# What is the best car to use for Uber X



## Jeep Daddy (Jan 10, 2015)

Like the title says, I'd like to know what you guys think is the best car for driving Uber X? I drive in the Disneyland California and Los Angeles area.


----------



## Seastriper (Jul 1, 2015)

The one that doesn't start


----------



## SumGuy (Jul 29, 2015)

I can tell you I've had many pax say, "I'm glad you didn't pick me up in a Prius"


----------



## poopy (Jun 28, 2015)

Jeep Daddy said:


> I'd like to know what you guys think is the best car for driving Uber X?


Someone else's.


----------



## Uber Kraus (Jun 10, 2015)

poopy said:


> Someone else's.


Fast forward selector!


----------



## Another Uber Driver (May 27, 2015)

Pick your hybrid. My UberX customers like the Fusion hybrid. The Uber Taxi users complain that the air condition is too cold. I have had more than a few ask me to turn it off. This in a city that has had mostly ninety degree days and one hundred per cent humidity since mid May. We went right from a lingering winter to Summer, here.


----------



## OCDodgerFan (Jun 8, 2015)

My trusty Elantra does the job well. Some passengers have given unsolicited compliments on it!


----------



## lakesnake (Aug 2, 2015)

I use a 2011 Ford Fiesta Hatchback SES with black leather seats and trim. Riders are surprised to see leather in a small car. Handles well in traffic and in the rain. Freezing cold a/c, very important in Austin,Texas. A Focus might have been a larger option, but I'll wait and see.


----------



## Realityshark (Sep 22, 2014)

A stolen one.


----------



## Dave1224 (Aug 2, 2015)

If you are looking to buy, get a 2 year old 4 door in nice shape with good gas mileage and low mileage. You should be able to get about 4 years out of it. A new car will account for almost half of your car expenses. The more you can lower that number, the more money you can make.


----------



## Optimus Uber (Oct 7, 2014)

Ford Dually. Theyre very spacious inside


----------



## OCDodgerFan (Jun 8, 2015)

I'm currently driving a rental while my car is in the shop. It's a Nissan Sentra, and I made a discovery with it: It's easier for me to get in and out it than my Elantra, because it's a little bigger. On that note, I'm thinking of upgrading to a Sonata next time around...


----------



## OCDodgerFan (Jun 8, 2015)

Optimus Uber said:


> Ford Dually. Theyre very spacious inside


Yeah, but 8 MPG going downhill in neutral is not what I consider a good ROI...


----------



## jimdangles (Jul 29, 2015)

SumGuy said:


> I can tell you I've had many pax say, "I'm glad you didn't pick me up in a Prius"

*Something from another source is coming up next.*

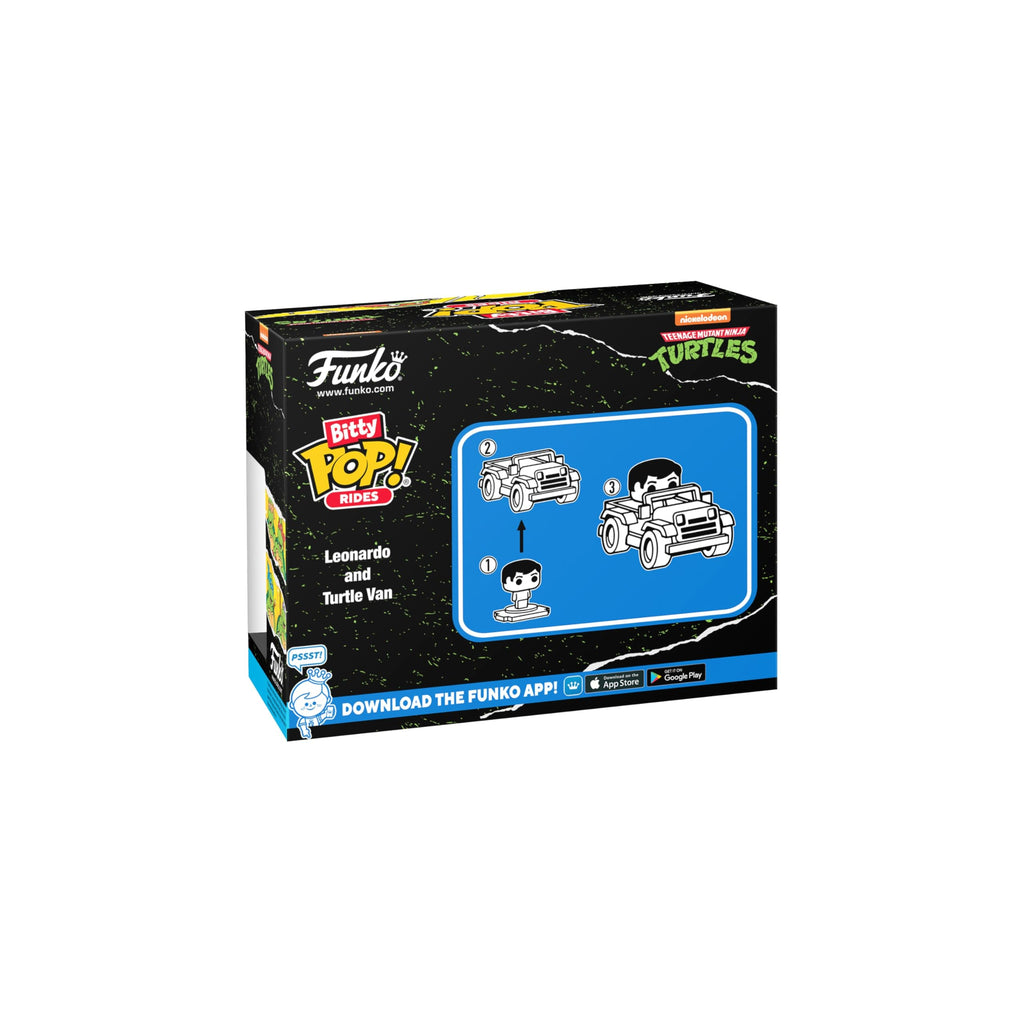 Premium imported Funko Bitty POP! Ride featuring TMNT's Leonardo with Turtle Van. Perfect for collectors!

Im sure they wouldn't say that to my face but I have only done 30 rides so far and I get "im surprised how roomy this prius is" quite a bit.


----------



## Optimus Uber (Oct 7, 2014)

jimdangles said:


> Im sure they wouldn't say that to my face but I have only done 30 rides so far and I get "im surprised how roomy this prius is" quite a bit.

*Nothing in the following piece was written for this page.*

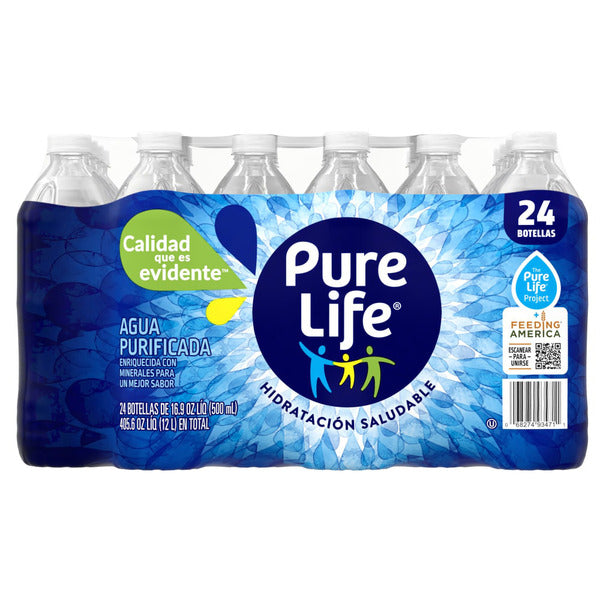 PURE LIFE Purified Water, 16.9 Fl Oz / 500 mL, Plastic Bottled Water (24 Pack)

I am not a big fan of the prius, I think its ugly. But it is well designed inside and is pretty roomy. I'm 6'2", I don't have an issue with riding in the back. It doesn't look like it can hold a bigger guy, but it is a well engineered car, albeit, it is ugly.

Also the trunk is very well engineered as well and you would be surprised how much luggage can fit in it.

Would I own one, hell no. But I think it is a perfect fit for the UberX Application.


----------



## jimdangles (Jul 29, 2015)

Optimus Uber said:


> I am not a big fan of the prius, I think its ugly. But it is well designed inside and is pretty roomy. I'm 6'2", I don't have an issue with riding in the back. It doesn't look like it can hold a bigger guy, but it is a well engineered car, albeit, it is ugly.
> 
> Also the trunk is very well engineered as well and you would be surprised how much luggage can fit in it.
> 
> Would I own one, hell no. But I think it is a perfect fit for the UberX Application.


Pretty much my thoughts on the car but I do own one and hate myself for it everyday. Until I started ubering.


----------



## Richard Cranium (Jun 25, 2015)

Jeep Daddy said:


> Like the title says, I'd like to know what you guys think is the best car for driving Uber X? I drive in the Disneyland California and Los Angeles area.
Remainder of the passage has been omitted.